Less certain evidence comes from Lyveden, Northamptonshire, where a roughly rectangular paved area 6.5m by 4.2m with areas of burnt clay and stone, charcoal, iron slag and coal has been interpreted as a probable smithy in use c1200–1350 (Steane and Bryant 1975, 4–9, 21–22, figs 7–8).
At Walsall, West Midlands, a 4.0m by 11.0m building of 13th or 14th century date may have served as a forge and later as a fuel store (Wrathmell and Wrathmell 1974-75, 27–29, 51, figs 2–4, pl II).
1.3 Bar Iron and Incomplete Forgings
The blacksmith’s raw material, other than scrap iron collected for reuse, comprised pieces of iron cut from blooms and lengths of bar iron of varying size and cross section. Purchases of iron for use in medieval building-work are often mentioned in accounts (Salzman 1967, 286–288), and the iron was both native and foreign, the former including specifically named Weardale, Gloucester and Wealden iron, and the latter particularly Spanish iron. The iron is often priced and bought by the stone or hundredweight, or in sizes called gad, seam and hes. It was sometimes just held in store, but was also bought for particular use, such as Spanish iron for window bars bought at Corfe in 1292, or for hooks and bands at Dover in 1363. Steel, often from Sweden, was also bought for tool and knife edges (Salzman 1967, 288).
A shaped, rectangular sectioned bar from Winchester (A1) proved on examination to be a dense, well-worked piece of wrought iron with few slag inclusions. A bar fragment (A2) from Deganwy Castle found with other blacksmith’s equipment and iron slag, has a chisel-cut end, indicating that it is part of a once larger piece.
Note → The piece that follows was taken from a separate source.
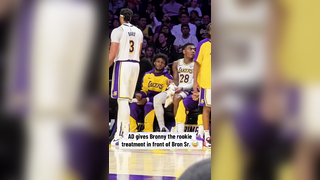 AD had to get his seat back (via _michaelmorales10/IG) #nba #basketball #lebron #bronny #lakers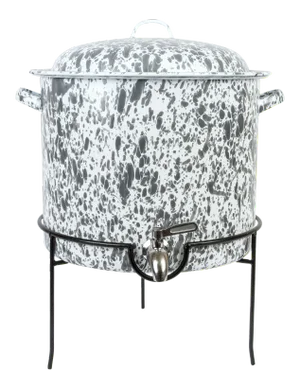 Crow Canyon Home Splatterware Beverage Dispenser with Stand in Gray & White Marble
The shape of the chisel-cut shows the characteristic way the blacksmith cut metal, since it was important not to cut entirely through the iron and dull the edge of the chisel on the hard face of the anvil. In practice the smith reduced the force of the hammer blows on the chisel just before the cut was complete, and then often broke it by hand.
Two pieces of iron (A3–A4) are known from a site with ironworking evidence at Newbury, Berkshire, but over 100 pieces of sheet iron, bar iron of square, rectangular and round section, and lengths of iron wire come from the forge at Waltham Abbey. A5–A10 are a representative selection, whilst A11–A15 are shaped pieces, some perhaps scrap iron or partly forged objects. Definitely identified incompletely forged objects from the site, catalogued below, include those of six auger bits and a key, but it is impossi...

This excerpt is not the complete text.